Schrotschusskrankheit





Eine Schrotflinte streut bekanntlich sehr, sodass das Ziel mit vielen kleinen Löchern durchsiebt ist. Ähnlich verhält sich dies auch bei der Schrotschusskrankheit, wobei das Ziel hierbei die Blätter der betroffenen Pflanze sind. Zu diesen Pflanzen gehören insbesondere Kirschen, Pflaumen und Zwetschgen.

Die Schrotschusskrankheit arbeitet sich grundsätzlich in zwei Schritten fort. Im ersten sind auf den Blättern zunächst rötlich-braune Flecken zu erkennen, welche dann im zweiten Schritt ausfallen und die bekannten Löcher entstehen lassen. Dies führt dazu, dass die Blätter kurz danach abfallen.

Der Auslöser für die Schrotschusskrankheit ist ein Pilz. Übertragen wird dieser - wie viele andere Pilzarten auch - über den Wind und den Regen. Herrscht eine auffällig hohe Luftfeuchtigkeit, wird die Entstehung dieses Pilzes begünstigt. Besonders tückisch ist dabei die Tatsache, dass der Pilz sowohl im Baum - innerhalb der erkrankten Früchte - überwintern kann, als auch auf dem Laub, welches auf dem Boden vorzufinden ist.

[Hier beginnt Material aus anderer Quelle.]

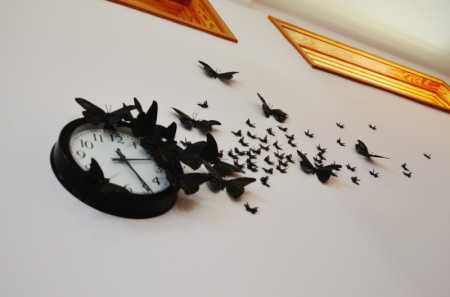 time-flies-butterflies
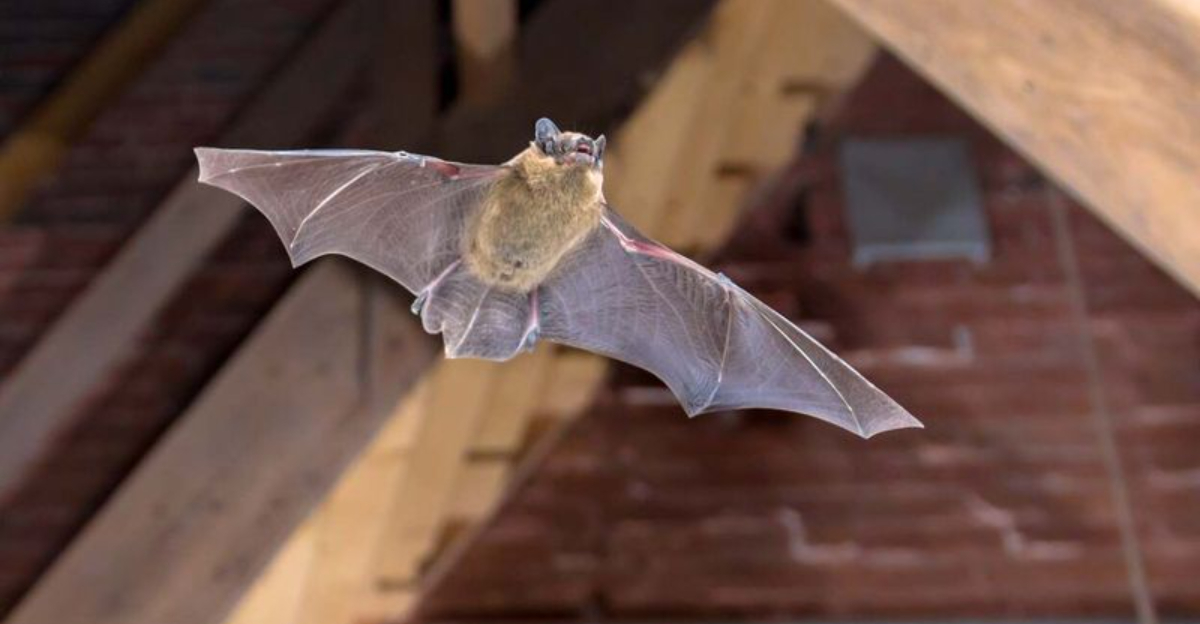 How To Get A Bat Out Of Your House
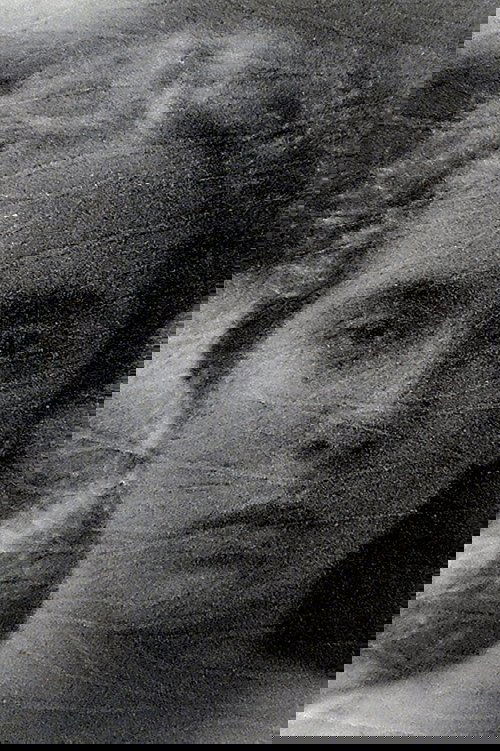 The Drunkard's Lament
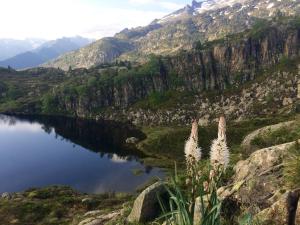 Auberges Refuge des etangs de Bassies : photos des chambres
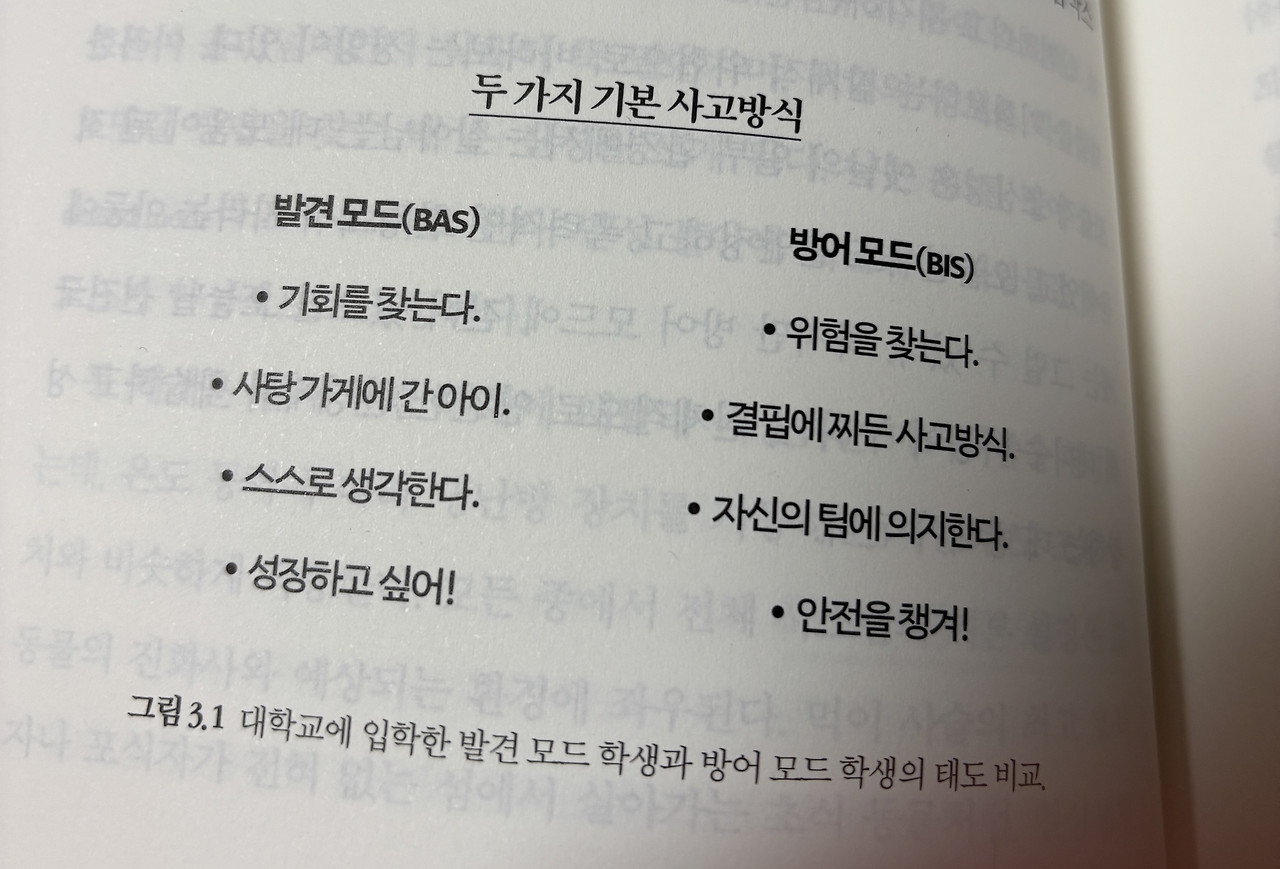 카지노 게임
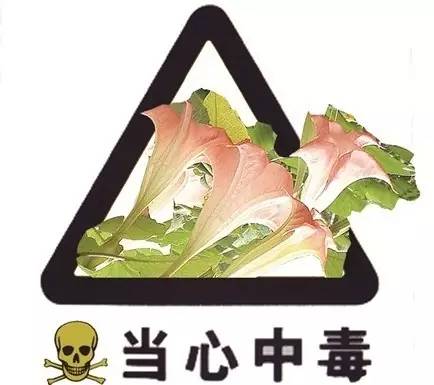 民间秘方致病人死亡,民间偏方治死人的事件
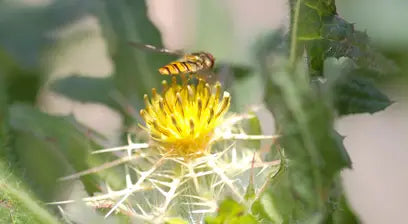 Blessed thistle flower.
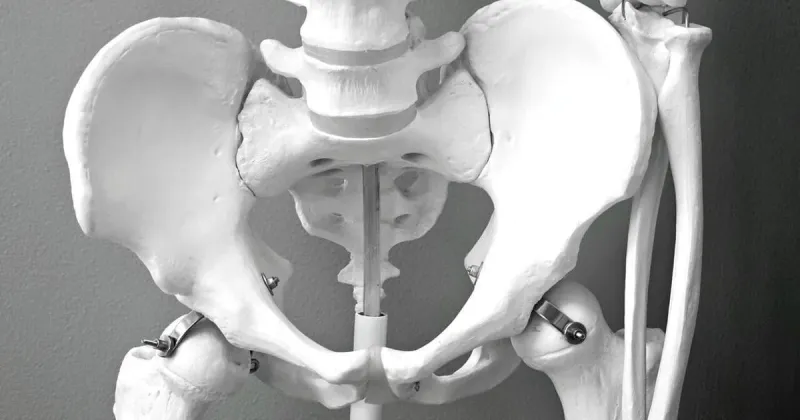 Can cancer drugs treat osteoporosis and midlife weight gain?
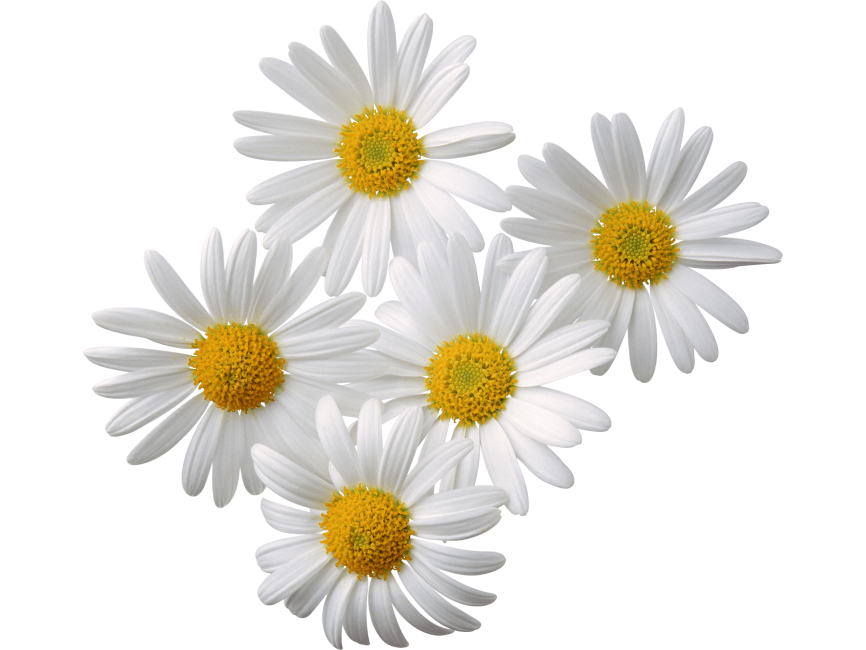 Camomiles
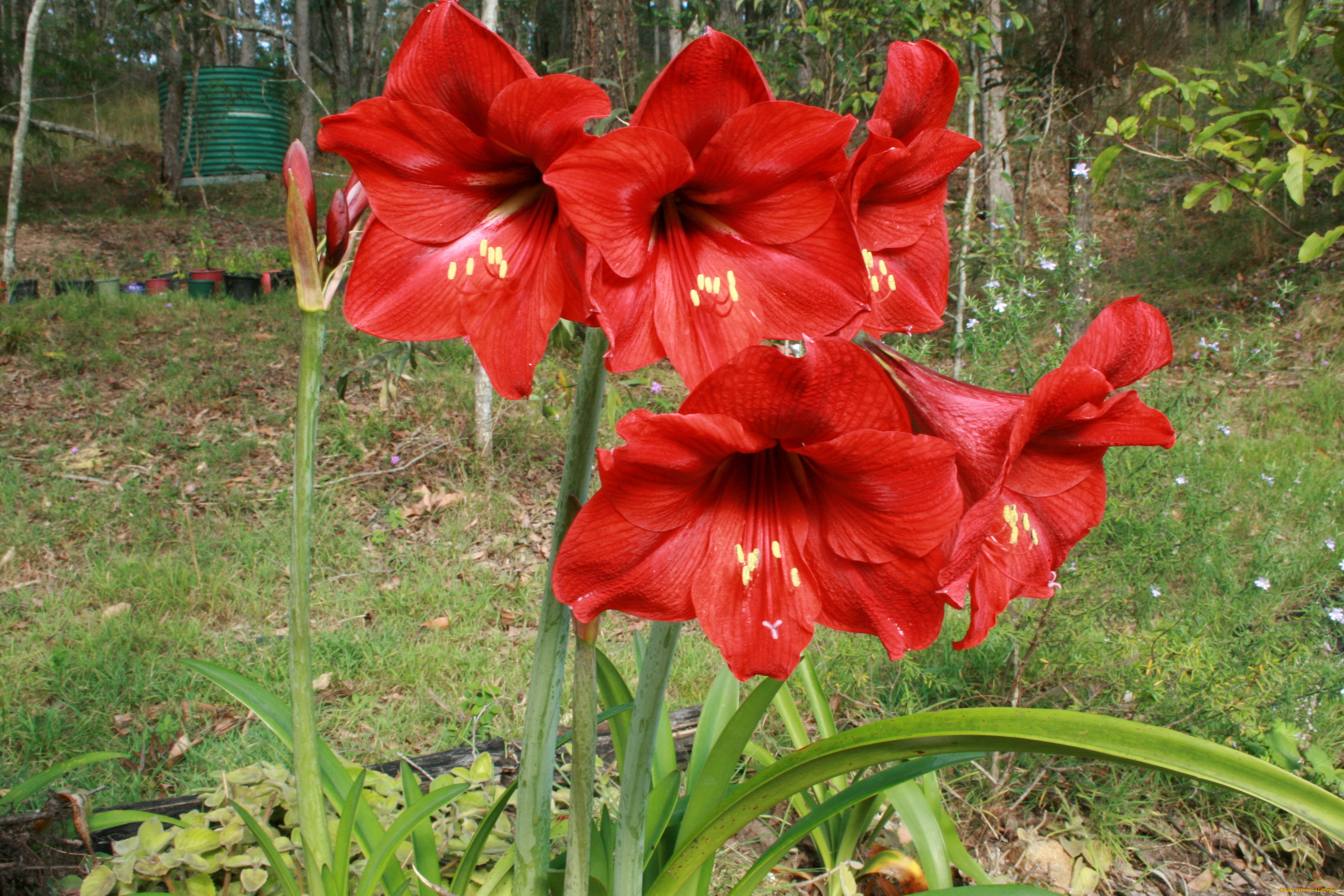 , , , hippeastrum
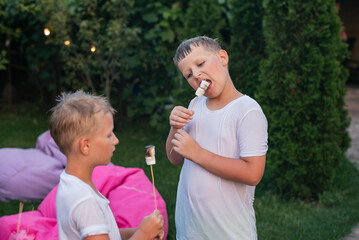 Fototapeta premium Two boy roasting marshmallows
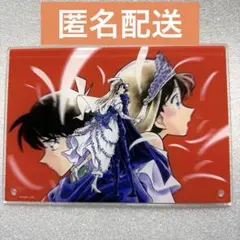 名探偵コナン アクリルアートパネル B コナンランド 工藤新一 毛利蘭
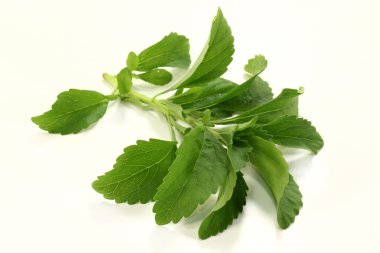 Stevia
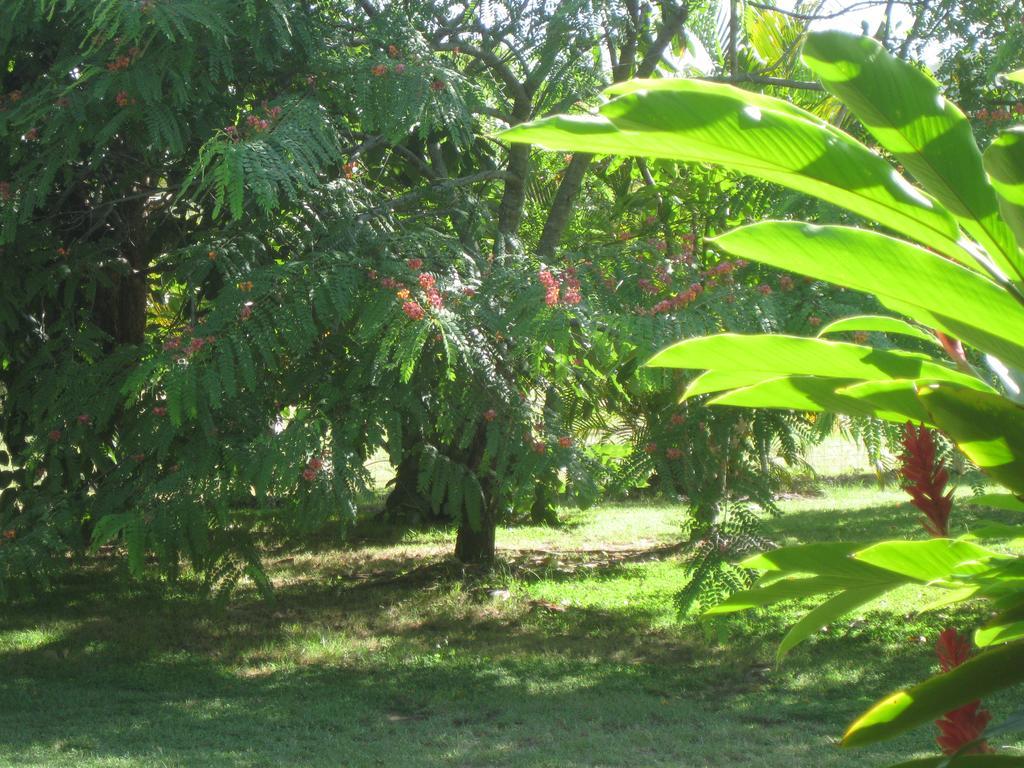 Magnetic Island Bed And Breakfast Horseshoe Bay Exterior photo
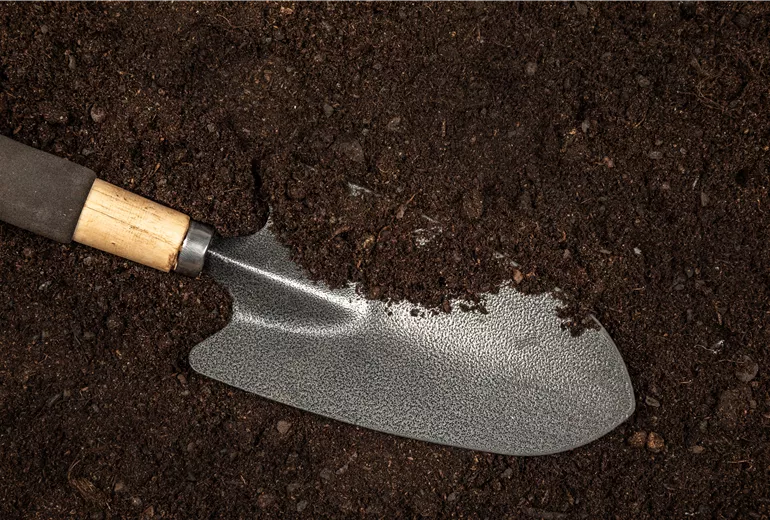 Gartenwerkzeuge auf Erde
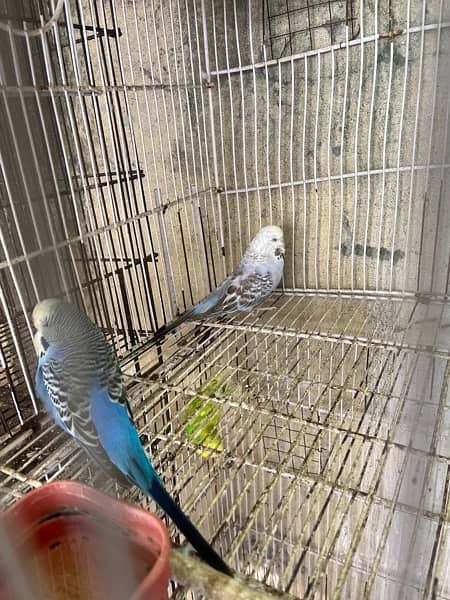 Parrots and cage for sale 5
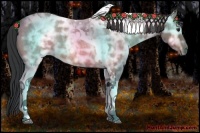 Horse Color:Bay Ice Roan Tobiano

Um die eigenen Pflanzen vor der Schrotschusskrankheit zu schützen, sollte regelmäßig gedüngt werden. Ebenso ist ausreichendes Mulchen und großzügiges Wässern wichtig, um den Baum bestmöglich beim Wachstum zu unterstützen.

Ist bereits eine der anfangs genannten Pflanzen von der Schrotschusskrankheit betroffen, sollten Sie darauf achten, das von dem Pilz erkrankte Laub sowie die erkrankten Früchte wegzuschneiden, um eine weitere Ausbreitung zu verhindern.